Stored data entries
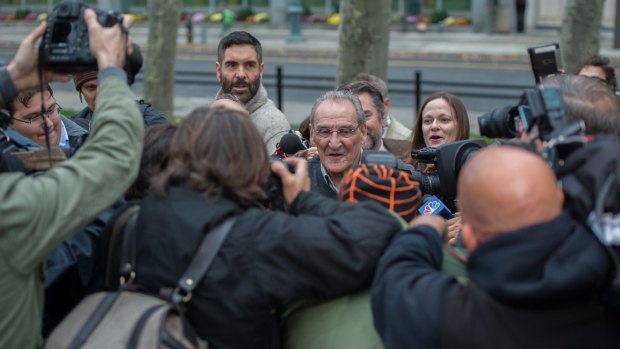Vincent Asaro is mobbed by press and supporters after his acquittal. 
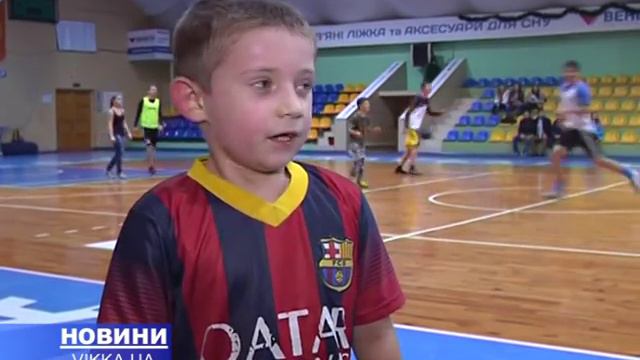«Черкаські Мавпи» змінили щити на футбольні ворота смотреть онлайн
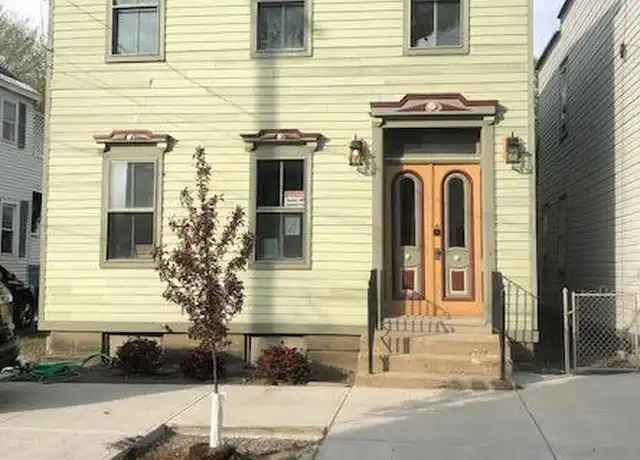 Property at 122 N Ferry St, Schenectady, NY, 12305, 5 beds, 2 baths, [object Object]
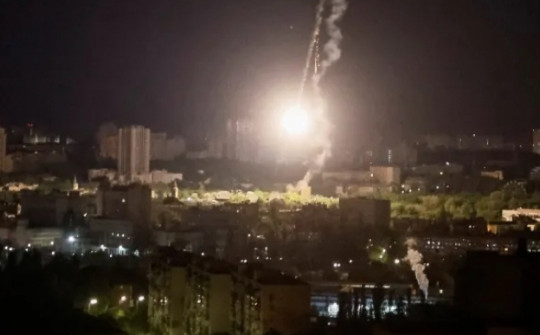 Nhiều tiếng nổ lớn ở Kiev - Ukraine nói Nga tấn công bất thường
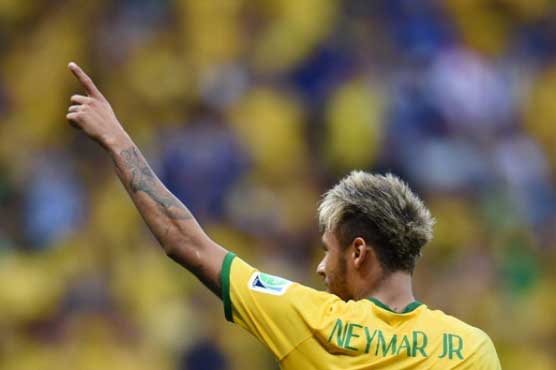 Neymar, Messi shine as Dutch slump again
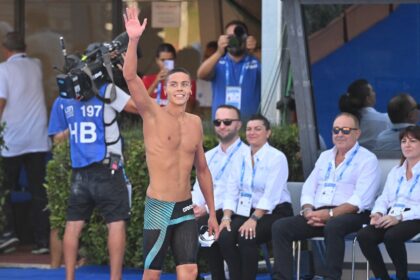 David Popovici celebrates after winning gold in the 200m freestyle in Rome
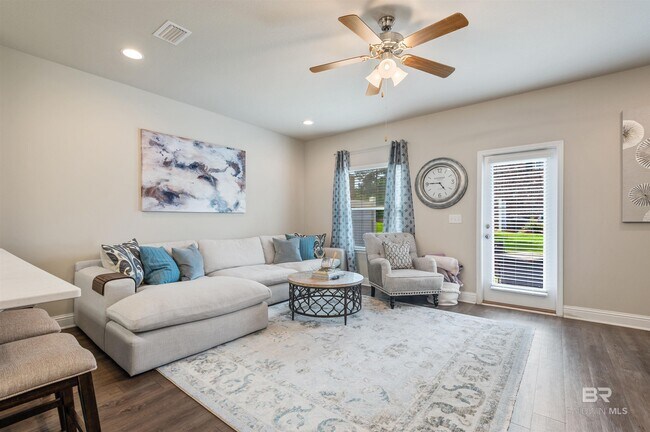 Building Photo - 6780 Spaniel Dr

[Description of the task]: Copy out all the data exactly. The images should not appear in the copy.

[Your solution]:
Vincent Asaro is mobbed by press and supporters after his acquittal. 
«Черкаські Мавпи» змінили щити на футбольні ворота смотреть онлайн
 Property at 122 N Ferry St, Schenectady, NY, 12305, 5 beds, 2 baths, [object Object]
 Nhiều tiếng nổ lớn ở Kiev - Ukraine nói Nga tấn công bất thường
 Neymar, Messi shine as Dutch slump again
 David Popovici celebrates after winning gold in the 200m freestyle in Rome
 Building Photo - 6780 Spaniel Dr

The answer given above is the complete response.